“What you really need to get,” Chris said, “is some counseling, so that they can all move and you can be OK with whatever that means.” During this period, every tussle between us started this way. Chris was fed up, which made him slip on his Dad-as-Scrooge hat, while I was forced into the defensive crouch of protecting my young.
“What if it means Dan ends up homeless?”
Chris said, “You know that isn’t what I want.”
“But you could be”—I made air quotes—“ ‘OK with that’?”
The battle was on, each of us digging deep for insults, me insisting that Chris couldn’t love “the old kids” because they had come from my first marriage, him hurling back the truth that I was doing laundry for 11, plus working two jobs, and the power bill was higher by half.
The next day, we were both abashed. But I agreed that I should be the one to write down the “exit strategy” goals.
Before I could, we went to a matinee performance of Next to Normal, a musical in which Marty played two roles—to luminous effect. The same night, as I went to look for the guys with my list, I overheard them upstairs telling the youngest three a story. I lingered outside the door. “When we were little like you, before Mom married Dad, she had no money,” Rob was saying.
“We don’t have much now!” Atticus pointed out. Even he knew that Chris and I had been wiped out years earlier by an investment theft.
“Well,” Rob went on, “every Friday night we would go to the diner for hot dogs and fries, and then Mom would take us on moon walks.
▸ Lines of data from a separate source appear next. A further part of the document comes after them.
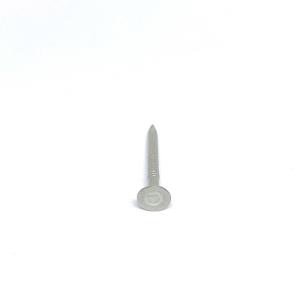 Quality 2.8X30MM Flat Head A2 Stainless Steel Nails With Smooth Shank wholesale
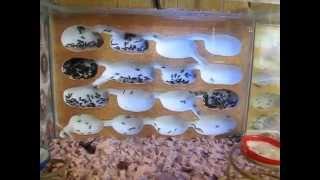 Lasius fuliginosus Беспокойное хозяйство [upl. by Anerat]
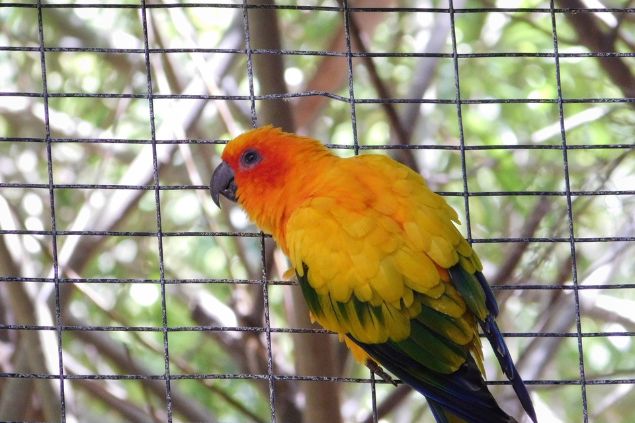 Imagem de um papagaio na gaiola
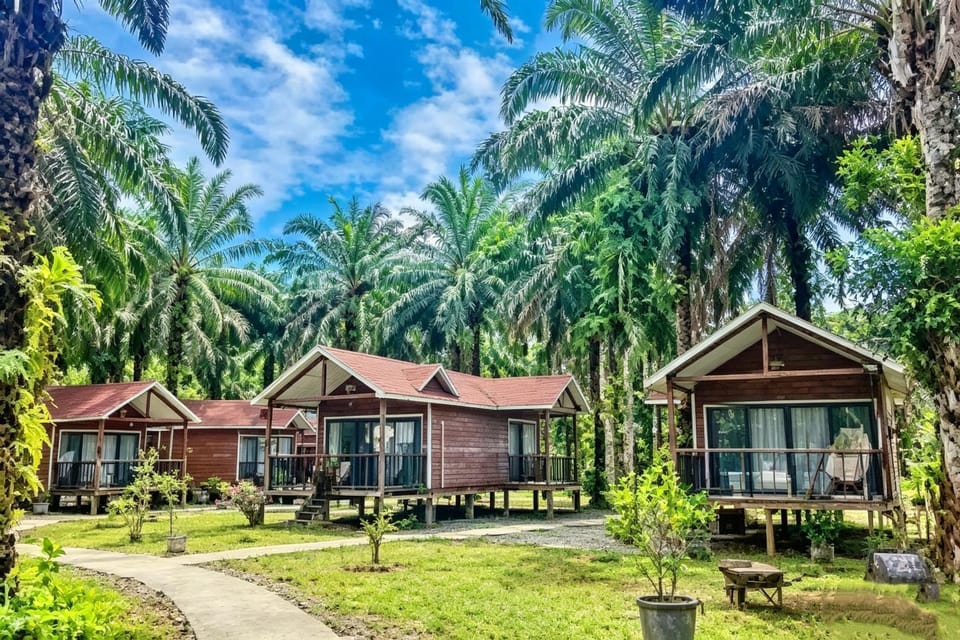 仙本那棕榈湖度假村Palm Lake Resort Resort in Sabah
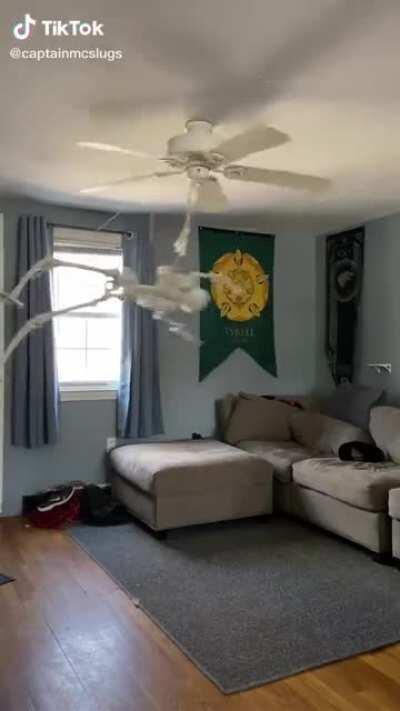 Spooky fan every day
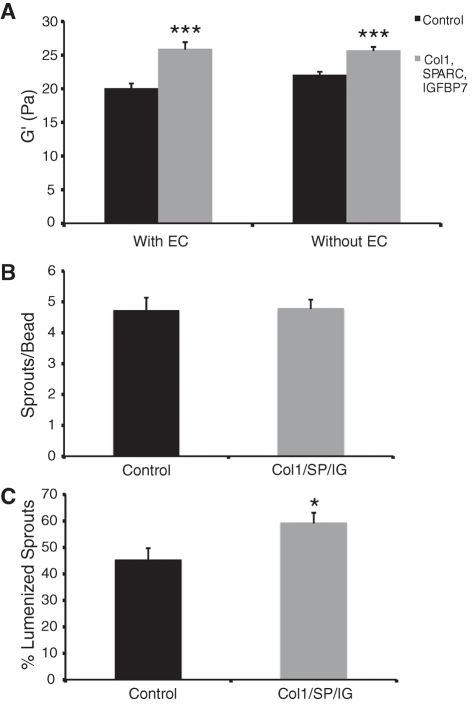 FIGURE 5:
One night, we walked around the outside of the zoo in the dark and tried to guess which animals were making which sounds...”
“We go for walks in the dark sometimes!” Marta, eight, said. Still beaming from our description of Marty’s theater performance, Atticus said, “Marty, why don’t you get famous and buy Mom a big, big house like we used to have?”
Quietly, Marty said, “That’s the plan, buddy.”
With my own plan in hand, I crept back downstairs. That night, I read all those printouts again, then took my own moon walk. When I was a child, my parents and grandparents shared a house that neither couple could have afforded on their own. I remember it as the safest of havens. Of course I was providing a refuge for my kids. Worse things could happen in the world.
There would be no set of written rules. Written rules are for children, like gold stars for brushing your teeth.
I would ignore the pundits who advised that the last thing we should do was make life too comfortable for the boomerangs. Make them feel that they had washed up here through some failure of character on their part (or ours)? No way. They were welcome to share whatever food and warmth we had. But no more making me yell at them to pick up smelly socks or wet towels. No more covert “just this once” payment of their phone bills. I would commiserate; I struggled with those bills myself. But I would no longer act like a mommy. Adults sharing a common space respect one another’s possessions and privacy. I would quietly, but firmly, expect that.
Most of all, there would be no more pinning them down to an “exit date.” Making them sign such a document would only demean three kids who never planned to have to rely on their parents. Someday I would be an old woman, and I didn’t want these, my eldest ones, -discussing an “exit plan” for me.
When my attitude changed, so did theirs. I spooled back my cross or cautionary words. In return, they dialed down the sarcasm. I treated them like adults. They treated me with enhanced courtesy. A fragile peace descended.
After a couple of months, having saved some money, Rob decided to return to Madison until it was time to go to Japan. Marty will leave for New York right after Christmas.
Dan will probably stay the longest. We actually urged him to stay home for a while—to work hard and to save hard—so that, by the time he leaves, he’ll have a nest egg and smarter spending habits.